Caillie’s drawing of himself in disguise

His imagination concocted this back story: that he was born an Arab in Egypt, carried off as a child by the French and brought to west Africa; now, having escaped from the French, he wanted to return to his own country.  To give that story credibility he spent eight months with the Brakna Moors north of the Senegal River, learning Arabic and the laws and customs of Islam.

He converted his savings into gold, silk handkerchiefs, knives, beads and tobacco.  Dressed as a Muslim, he joined a Mandingo caravan and started inland, moving along the Rio Nunez in present-day Guinea.

He left Conakry in mid-April, 1827.  Overcome by scurvy, he convalesced for five months in an African village, resuming his travels in January, 1828.  He reached Djenné in the Niger delta and spent two weeks there in March.  From there he found passage in the hold of a ship where he travelled with slaves and arrived in Timbuktu on April 20.

A Caillie drawing of Timbuktu during his visit

“I looked around and found that the sight before me did not answer my expectations,” he wrote.  “The city presented, at first view, nothing but a mass of ill-looking houses built of earth.”

Caillié stayed in Timbuktu for two weeks.  He gathered information, making notes and drawings surreptiously, then joined a caravan headed for Morocco.  He was particularly anxious not to return west, fearing accusations that he had never reached Timbuktu.

The journey across the desert took almost three months.  Spinning pillars of whirlwinded sand attacked the column of 1,400 camels.  Thirst and mirages tormented Caillié.  Suspecting he was a Christian, members of the caravan taunted and threw stones at him.
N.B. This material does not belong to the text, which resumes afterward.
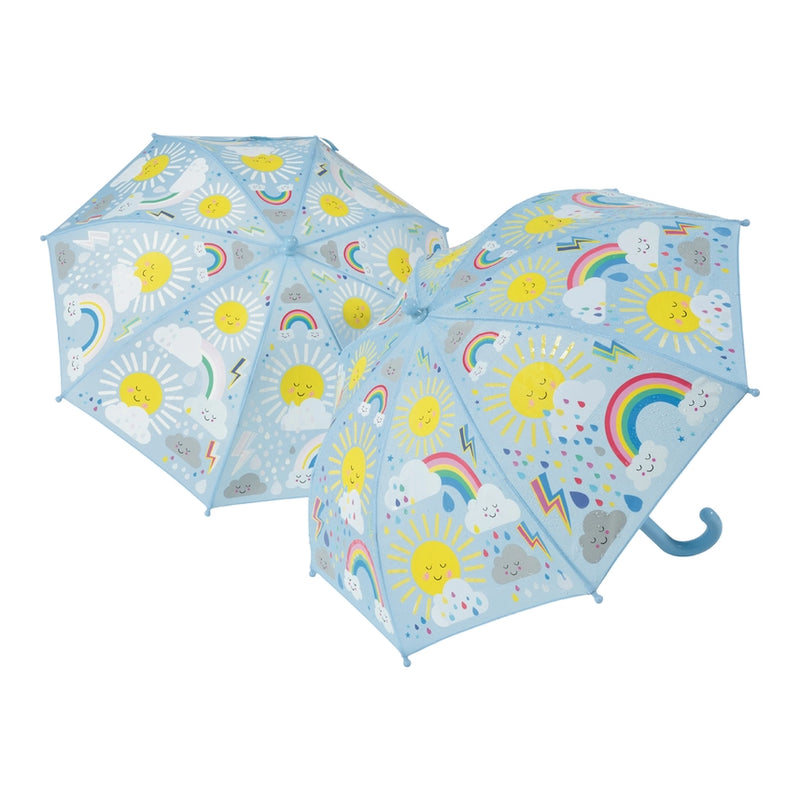 Floss & Rock Kids Color Changing Umbrella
He survived the crossing only to find that a Frenchman disguised as a Muslim could expect little help even from his country’s diplomats.

The French consul in Rabat, a Jewish merchant, offered him no help.  He begged for food and slept in a cemetery.  The consul in Tangier repeatedly refused him entry, on one occasion shouting, “Turn out this dog of a beggar!”  Ultimately he relented, however, and arranged passage for Caillié to France.  There he was greeted as a hero.  He was awarded the ten thousand francs by the Geographical Society, received the order to the Legion of Honor and a pension.  He married, settled near his birthplace and died in 1838.
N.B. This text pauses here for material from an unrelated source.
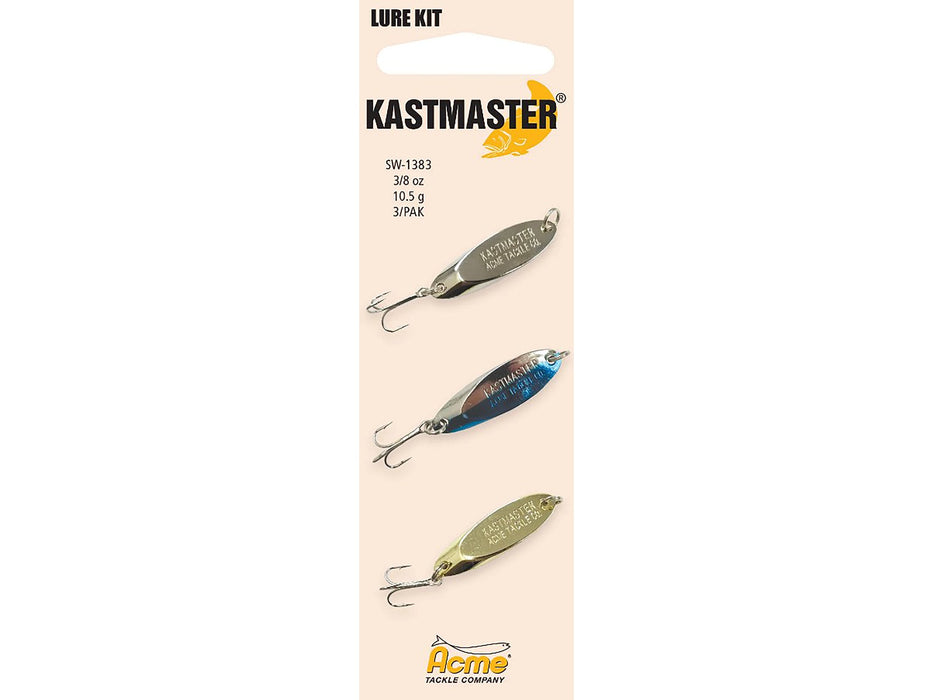 Acme Trout Spoon Multipack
Caillie’s drawing about which he comments in the text

His account of his explorations – Journal d’un voyage à Temboctou et à Jenné dans l’Afrique Centrale – was published in three volumes.  In text accompanying a sketch he made of the town, he wrote:  “From the tower I had an extensive view over an immense plain of white sand, on which nothing grows except a few stunted shrubs, the mimosa ferruginea, and where the uniformity of the picture is only here and there broken by some scattered hills or banks of sand. I could not help contemplating with astonishment the extraordinary city before me, created solely by the wants of commerce, and destitute of every resource except what its accidental position as a place of exchange affords.”  That report punctured European illusions about Timbuktu.

His explorations demonstrated that a person able to carry off an improbable disguise and traveling as locals did could make discoveries beyond the capacity of larger expeditions.